Segundo os dados da pesquisa, as lojas físicas continuam sendo o principal canal de compra para 45% dos entrevistados, enquanto 39% afirmam que pretendem combinar compras presenciais e online. Já 16% planejam adquirir a maior parte dos produtos exclusivamente pela internet.
Impacto no orçamento familiar
O custo da volta às aulas pesa no bolso da maioria das famílias. Cerca de 88% dos brasileiros que vão às compras afirmam que os gastos com material escolar, uniforme e livros didáticos afetam o orçamento doméstico. Esse impacto é ainda mais intenso entre as famílias de menor renda, 52% das classes D e E classificam o peso financeiro como muito grande, contra 32% entre as classes A e B.

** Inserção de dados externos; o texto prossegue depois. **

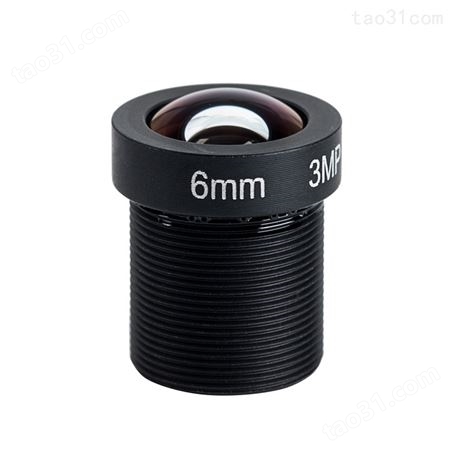 VISIONLENS  6mm镜头 1/3″ 板机M12镜头  适用安防监控  CCTV LENS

Diante disso, 84% dos entrevistados dizem que os preços dos materiais escolares influenciam decisões em outras áreas do orçamento, como lazer, alimentação ou pagamento de contas.
Segundo Renato Meirelles, presidente do Instituto Locomotiva, o impacto do gasto é generalizado, mas atinge de forma desigual as famílias. “A pesquisa mostra que o impacto do material escolar no orçamento aparece em todas as classes, mas é muito mais intenso entre as famílias de menor renda. Famílias com filhos em escola pública declaram gastos expressivos, que interferem diretamente em outras decisões do mês e exigem ajustes para fechar a conta”, explica.
Para lidar com os custos, a pesquisa de preços se tornou regra. Nove em cada dez brasileiros comparam valores antes de comprar o material escolar, e cerca de dois terços visitam várias lojas. Entre as classes D e E, 72% pesquisam em diferentes estabelecimentos, percentual superior aos 55% registrados nas classes A e B. Quando encontram preços acima do esperado, dois em cada três consumidores optam por substituir o produto por uma marca mais barata, estratégia que chega a 76% entre as famílias de baixa renda.